Charles Darwin destroyed natural law theory in biological science…. His successors destroyed natural law theory in social science. In the 1920’s, quantum physics destroyed natural law theory in the subatomic world. This immediately began to undermine modern legal theory.

This type of reasoning is highly problematic. If natural law is true, then neither a perversion of nor an attempted rebuttal to it would say anything about its objective reality. Let’s extend their reasoning to a fundamental claim of Christianity—the inerrancy of Scripture. Christians believe the Bible is inerrant. It is really inerrant regardless of what the scoffer might say in response to such a claim (on this we’d all agree). It would seem, however, according to DeMar’s style of reasoning, that a scoffer could invalidate the inerrancy of Scripture merely because he either perverts it (a la., Karl Barth), or rejects it (Julian Wellhausen). But orthodox Christians would never grant this to be the case, would they? Absolutely not.

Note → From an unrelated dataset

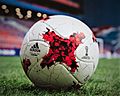 Football made of sewn together X shaped panels with a painted stylized small X in the middle of the panel. Also Printed on the ball is the name and logo for both Adidas and confederation cup 2017.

Therefore, if natural law is true, then it is true regardless of what scoffers (e.g. Darwin) say about it.

DeMar’s Conflation of Being and Knowing

Everyone who rejects outright relativism either implicitly or explicitly affirms a difference between the order of being (what objectively is, i.e. reality) and the order of knowing (our knowledge of it). If these orders are confused, knowing and being becoming virtually synonymous, then our knowledge essentially creates reality. Unqualified subjectivism or relativism inevitably ensues.

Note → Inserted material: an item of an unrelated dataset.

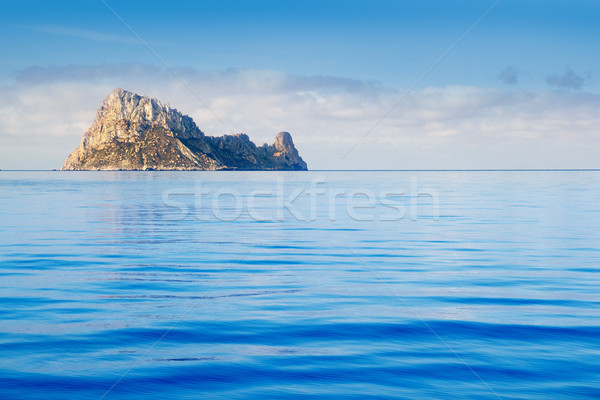 Ibiza Es Vedra island in calm blue water Stock photo © lunamarina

When DeMar makes the claim that Darwin “ended natural law as a basis for anything except change,” he is confusing these two orders. What Darwin thinks (order of knowing) of natural law makes no difference as to what natural law is (order of being, objective reality). It is what it is regardless of what a person thinks he or she knows about it. If natural law and its validity stands or falls based on one’s thoughts about it, then relativism is the consistent result from such rationale. Reality is or is not based on what people like David Hume, Immanuel Kant, or Charles Darwin thought about it, or so it is implied. The Christian should reject this kind of thinking outrightly.

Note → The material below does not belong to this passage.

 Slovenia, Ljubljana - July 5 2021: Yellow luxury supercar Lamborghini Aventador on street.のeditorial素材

Paul clearly states that, “what may be known of God is manifest in them (Rom. 1:18), and that, “His invisible attributes are clearly seen, being understood by the things that are made (v. 20).” Romans 1:18, i.e., “manifest in them,” is further elaborated upon in Romans 2 with the law written on the hearts of the Gentiles. Presuppositionalists obviously trivially accept what Romans 1 says, but they will immediately emphasize v. 18, which says the natural man suppresses this knowledge in unrighteousness. But this does absolutely nothing to natural revelation. While the sinner is in the wrong, natural revelation and thus natural law remain an authoritative source of revelation nonetheless. It’s so authoritative, in fact, that it leaves its dissenters “without excuse,” and eligible for judgement (vv. 20, 26).

Therefore, natural revelation and natural law maintain their full integrity even though sinful man perverts and ultimately rejects it. And this makes DeMar’s claim that, “Darwin ended natural law as a basis for anything except change,” one of shame and compromise. He’s essentially claiming Darwin, a heathen, changed that which God instituted and revealed from the foundation of the world. And he’s also rejecting fundamental reality as nothing more than a Heracletian change-scape with no objective moral force. This is not a position available for the Christian.

DeMar’s Lack of Covenantal Clarity

DeMar gives another example of Joe Biden rejecting the natural law alluded to by Justice Clarence Thomas during his confirmation hearings. But in light of the above, a denial of reality in thought doesn’t automatically equate to a falsification of reality.

Arguing for “biblical jurisdictional separation,” DeMar’s version of a separation between church and state, he begins to invoke the Old Testament, “Moses became the chief judicial officer in Israel, assisted by numerous lesser civil magistrates (Ex. 18:17-26).” There is nothing wrong with DeMar’s observation here, per se. What is wrong is his presupposition that the Old Covenant ought to expressly inform our understanding of modern church/state relations. This may sound foreign to some. “Isn’t the Bible God’s Word, and should not God’s Word be applied to all of life?” it may be asked.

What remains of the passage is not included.